Un ailleurs à soi by Emmelie Prophète

Un ailleurs à soi by Emmelie Prophète

Auteur:Emmelie Prophète
La langue: fra
Format: epub
Éditeur: Mémoire d'encrier
Publié: 2018-08-31T00:00:00+00:00


Julien souffrait d’insomnie depuis des années. Il dormait deux ou trois heures par jour, d’un sommeil entrecoupé. Il avait essayé toutes les potions sans résultat. Être en activité de midi jusqu’à quelquefois trois heures du matin ne suffisait pas à le fatiguer assez pour dormir profondément et longtemps. Il aimait son travail au Ayizan. Il était content de préparer toutes ces bouteilles aux goûts différents, d’avoir un petit jardin au restaurant même. Il faisait l’originalité de l’endroit. Les bouteilles, toutes blanches, étaient rangées derrière le bar et à l’intérieur macéraient des feuilles et des racines qui intriguaient locaux et étrangers. Quelquefois Julien disait que cette boisson ne serait prête que dans six mois, qu’en attendant, le client pouvait aller vers un whisky ou un rhum. En général, les clients revenaient. Ils aimaient discuter avec Julien. Il pouvait expliquer les vertus des plantes qu’il utilisait et inventait plein d’histoires concernant des expériences rapportées par ceux qui y avaient goûté.

Comme Lucie, Julien n’habitait pas loin du Ayizan, il portait de grandes lunettes noires quand il venait au Ayizan vers midi, ses yeux ne supportaient pas la lumière. C’était une créature de la nuit. Les loas, racontait-il, l’avaient enveloppé de noir quand il est né. Il aimait se vêtir de blanc. Il fallait du blanc sur le noir qu’il portait constamment et naturellement. Quentin se moquait gentiment de lui quand il racontait ça, mais il était tellement sérieux que le patron finissait par laisser tomber.

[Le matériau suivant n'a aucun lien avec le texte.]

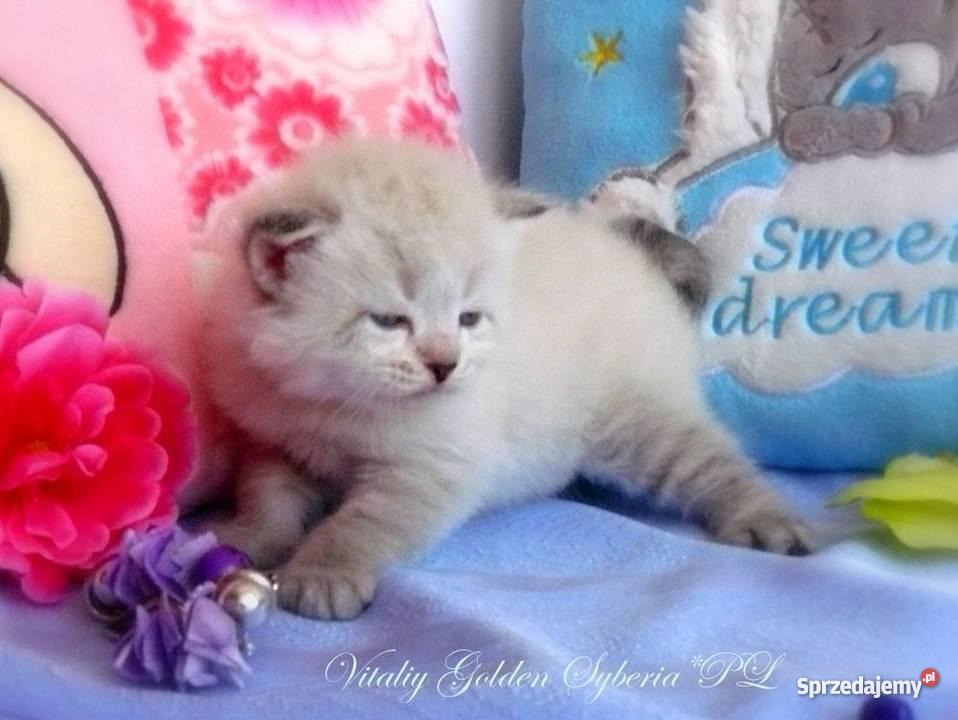 Kocięta syberyjskie rodowodowe Tczew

Loulouse, la femme de Julien, écoulait aussi les mixtures de son mari. Elle avait un commerce sur le trottoir à quelques rues du Ayizan. Elle vendait de la nourriture et des boissons fraîches dans un vieux congélateur, incrusté dans du béton et fermé à clé le soir. La journée, il y avait un attroupement autour du vieux congélateur et le soir on découvrait toute son étrangeté. En fait, il marquait un territoire, en dessous d’un manguier qui étendait généreusement ses branches et donnait de l’ombre. Le congélateur signifiait que cette place était déjà occupée. Il ne serait pas fermé que personne n’oserait venir l’ouvrir. Il était gardé selon la rumeur par des esprits qui garantissaient la prospérité de ce commerce envié de tout le quartier. Loulouse servait une centaine de repas par jour et engageait deux femmes et un homme à tout faire. Elle commençait à six heures du matin, tout était préparé sur place. Le repas était prêt à midi pile et elle écoulait tout. Elle refusait de vendre de l’alcool le matin. Elle ne voulait pas que des ivrognes viennent la contrarier. L’après-midi, c’était une autre clientèle, des gars revenant des chantiers, des hommes à bout de force qui cherchaient à se saouler pour tenir le coup. Loulouse voulait arrêter de vendre ces potions, elle estimait gagner assez avec la nourriture et les boissons fraîches, mais Julien lui avait dit que c’était une recommandation des esprits, que ce commerce lui permettait de rester en contact avec les âmes en dérive.

Julien voulait continuer à rester en paix avec la terre, avec lui-même et avec les loas.